I just purchased the 5.0 yambeka speakers and now I'm looking for sub any ideas for a dedicated HT room


thanks Don


----------



## brent_s (Feb 26, 2007)

Budget? Space constraints? Aesthetic conerns...also known as SAF?


----------



## don5738 (Jan 7, 2008)

brent_s said:


> Budget? Space constraints? Aesthetic conerns...also known as SAF?


budget under 500.00 Space 25x15 also floated floor and stagger stud construction 2 layers drywall hope that helps sorry a bout info I'm new to this stuff


----------



## Guest (Feb 8, 2008)

I would first give them a trial run to see how they sound , because at that price it just makes me wonder what kind of performance will you get from low priced taiwanese speakers.


----------



## nova (Apr 30, 2006)

For your budget, consider an SVS PB10-NSD. Check out Wayne's sticky at the top of the page. An excellent overview of four good subs that come in under your budget.


----------



## don5738 (Jan 7, 2008)

louthewiz said:


> I would first give them a trial run to see how they sound , because at that price it just makes me wonder what kind of performance will you get from low priced taiwanese speakers.

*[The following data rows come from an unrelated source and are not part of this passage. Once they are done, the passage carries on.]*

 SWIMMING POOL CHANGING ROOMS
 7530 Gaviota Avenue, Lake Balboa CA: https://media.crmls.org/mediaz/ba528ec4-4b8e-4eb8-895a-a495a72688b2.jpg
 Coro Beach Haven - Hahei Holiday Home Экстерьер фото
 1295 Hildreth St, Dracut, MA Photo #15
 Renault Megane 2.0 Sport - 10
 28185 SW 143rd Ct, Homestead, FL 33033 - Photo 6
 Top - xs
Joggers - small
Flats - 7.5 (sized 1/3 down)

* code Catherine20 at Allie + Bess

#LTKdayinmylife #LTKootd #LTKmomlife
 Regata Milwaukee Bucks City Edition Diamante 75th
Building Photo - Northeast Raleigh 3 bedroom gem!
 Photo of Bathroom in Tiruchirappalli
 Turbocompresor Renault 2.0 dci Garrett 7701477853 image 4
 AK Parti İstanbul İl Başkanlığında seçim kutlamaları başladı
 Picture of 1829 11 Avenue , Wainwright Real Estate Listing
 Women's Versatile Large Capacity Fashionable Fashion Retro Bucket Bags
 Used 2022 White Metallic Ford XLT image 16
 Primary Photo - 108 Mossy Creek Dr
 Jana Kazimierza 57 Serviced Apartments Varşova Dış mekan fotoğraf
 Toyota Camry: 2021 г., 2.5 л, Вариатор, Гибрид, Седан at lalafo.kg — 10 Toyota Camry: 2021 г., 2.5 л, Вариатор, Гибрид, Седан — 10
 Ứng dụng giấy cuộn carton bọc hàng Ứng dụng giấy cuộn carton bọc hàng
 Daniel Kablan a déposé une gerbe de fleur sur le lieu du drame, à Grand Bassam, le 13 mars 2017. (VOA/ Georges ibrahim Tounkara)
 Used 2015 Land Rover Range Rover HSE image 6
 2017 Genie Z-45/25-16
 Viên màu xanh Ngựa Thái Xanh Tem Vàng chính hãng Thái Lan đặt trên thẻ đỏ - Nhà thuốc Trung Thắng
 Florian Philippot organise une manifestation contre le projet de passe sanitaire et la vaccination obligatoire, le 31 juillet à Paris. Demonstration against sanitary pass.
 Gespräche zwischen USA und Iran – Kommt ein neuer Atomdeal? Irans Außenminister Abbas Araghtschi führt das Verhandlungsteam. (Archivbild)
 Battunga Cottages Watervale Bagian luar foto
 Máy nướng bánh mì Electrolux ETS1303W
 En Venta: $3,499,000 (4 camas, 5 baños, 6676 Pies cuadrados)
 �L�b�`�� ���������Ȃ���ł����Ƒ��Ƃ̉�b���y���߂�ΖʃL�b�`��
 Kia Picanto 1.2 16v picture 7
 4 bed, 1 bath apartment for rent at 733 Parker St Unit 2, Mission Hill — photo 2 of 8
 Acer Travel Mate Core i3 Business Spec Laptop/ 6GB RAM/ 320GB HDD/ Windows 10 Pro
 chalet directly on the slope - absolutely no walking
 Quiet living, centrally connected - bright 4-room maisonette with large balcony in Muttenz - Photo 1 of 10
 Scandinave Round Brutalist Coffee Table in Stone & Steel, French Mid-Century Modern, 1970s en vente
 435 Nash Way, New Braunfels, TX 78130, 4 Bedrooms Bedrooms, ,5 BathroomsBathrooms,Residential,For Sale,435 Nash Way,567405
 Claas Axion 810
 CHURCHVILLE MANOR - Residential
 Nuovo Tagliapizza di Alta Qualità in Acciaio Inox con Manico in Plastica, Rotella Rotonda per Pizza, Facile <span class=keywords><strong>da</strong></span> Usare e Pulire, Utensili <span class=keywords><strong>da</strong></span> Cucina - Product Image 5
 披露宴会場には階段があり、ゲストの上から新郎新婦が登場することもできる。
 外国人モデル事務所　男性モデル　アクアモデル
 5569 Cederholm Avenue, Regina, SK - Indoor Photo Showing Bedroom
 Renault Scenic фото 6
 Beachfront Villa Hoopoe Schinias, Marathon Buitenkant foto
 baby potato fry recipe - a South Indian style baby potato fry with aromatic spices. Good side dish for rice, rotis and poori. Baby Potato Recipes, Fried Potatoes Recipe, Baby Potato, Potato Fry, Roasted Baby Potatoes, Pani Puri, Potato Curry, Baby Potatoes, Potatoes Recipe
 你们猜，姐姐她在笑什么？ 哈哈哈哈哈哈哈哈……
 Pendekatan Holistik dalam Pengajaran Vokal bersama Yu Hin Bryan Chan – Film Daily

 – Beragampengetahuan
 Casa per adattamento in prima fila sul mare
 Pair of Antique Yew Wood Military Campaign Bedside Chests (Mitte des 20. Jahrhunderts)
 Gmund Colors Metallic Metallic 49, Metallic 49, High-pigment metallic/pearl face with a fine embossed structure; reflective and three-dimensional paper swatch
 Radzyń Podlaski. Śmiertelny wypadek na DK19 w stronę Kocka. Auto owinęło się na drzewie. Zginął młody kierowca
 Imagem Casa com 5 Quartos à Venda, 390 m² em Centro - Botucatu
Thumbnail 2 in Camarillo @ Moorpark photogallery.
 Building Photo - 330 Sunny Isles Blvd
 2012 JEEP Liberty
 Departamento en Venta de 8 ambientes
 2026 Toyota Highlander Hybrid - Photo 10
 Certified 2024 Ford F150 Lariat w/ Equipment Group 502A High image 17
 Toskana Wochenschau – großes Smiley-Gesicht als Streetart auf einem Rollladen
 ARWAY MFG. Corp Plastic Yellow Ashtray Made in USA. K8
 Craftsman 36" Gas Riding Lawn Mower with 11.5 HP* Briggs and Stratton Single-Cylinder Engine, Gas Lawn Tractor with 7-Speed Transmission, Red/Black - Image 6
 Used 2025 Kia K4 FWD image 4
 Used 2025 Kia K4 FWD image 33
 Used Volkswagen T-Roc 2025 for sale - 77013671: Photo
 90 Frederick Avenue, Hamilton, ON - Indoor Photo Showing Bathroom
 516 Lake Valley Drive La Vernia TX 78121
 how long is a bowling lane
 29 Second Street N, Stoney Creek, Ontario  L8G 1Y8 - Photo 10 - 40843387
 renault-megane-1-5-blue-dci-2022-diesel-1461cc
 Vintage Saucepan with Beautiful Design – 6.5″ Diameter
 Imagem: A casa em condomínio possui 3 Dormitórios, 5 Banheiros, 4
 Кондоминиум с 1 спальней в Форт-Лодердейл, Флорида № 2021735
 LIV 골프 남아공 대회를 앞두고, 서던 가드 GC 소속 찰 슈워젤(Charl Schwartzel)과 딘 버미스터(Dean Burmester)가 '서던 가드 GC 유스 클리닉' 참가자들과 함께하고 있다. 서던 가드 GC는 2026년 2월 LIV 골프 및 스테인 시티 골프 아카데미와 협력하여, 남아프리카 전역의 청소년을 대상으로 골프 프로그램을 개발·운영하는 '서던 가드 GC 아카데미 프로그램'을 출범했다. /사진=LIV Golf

well I saw the review on these speakers here at the shack he thought they were pretty good also they are actually built in ohio look them up tell me what you think


----------



## don5738 (Jan 7, 2008)

*trying to find sub*

I'm inthe middle of my HT build and I;m looking for a sub seen a ksw-12 sub new for 300.00 my room is 15x25 dedicated room would this work well? would like some input also anyone know where to buy used projectors or refurbished? 



thanks Don


----------



## Sonnie (Apr 11, 2006)

Hi Don... you already had this sub thread going so I moved your post here.

You also have about 4-5 projector threads going and it appears you have already purchased one. Are you looking for another, if so, you could probably post in one of those threads you already have. I'll probably merge some of those as well.


----------



## don5738 (Jan 7, 2008)

Sonnie said:


> Hi Don... you already had this sub thread going so I moved your post here.
> 
> You also have about 4-5 projector threads going and it appears you have already purchased one. Are you looking for another, if so, you could probably post in one of those threads you already have. I'll probably merge some of those as well.


well sorry about all the diff. posts but after some of the replies i got back from members that epson will not be very good for my HT I'm now looking again for projector and sub epson only has vga connection and no possible hdmi adapter


----------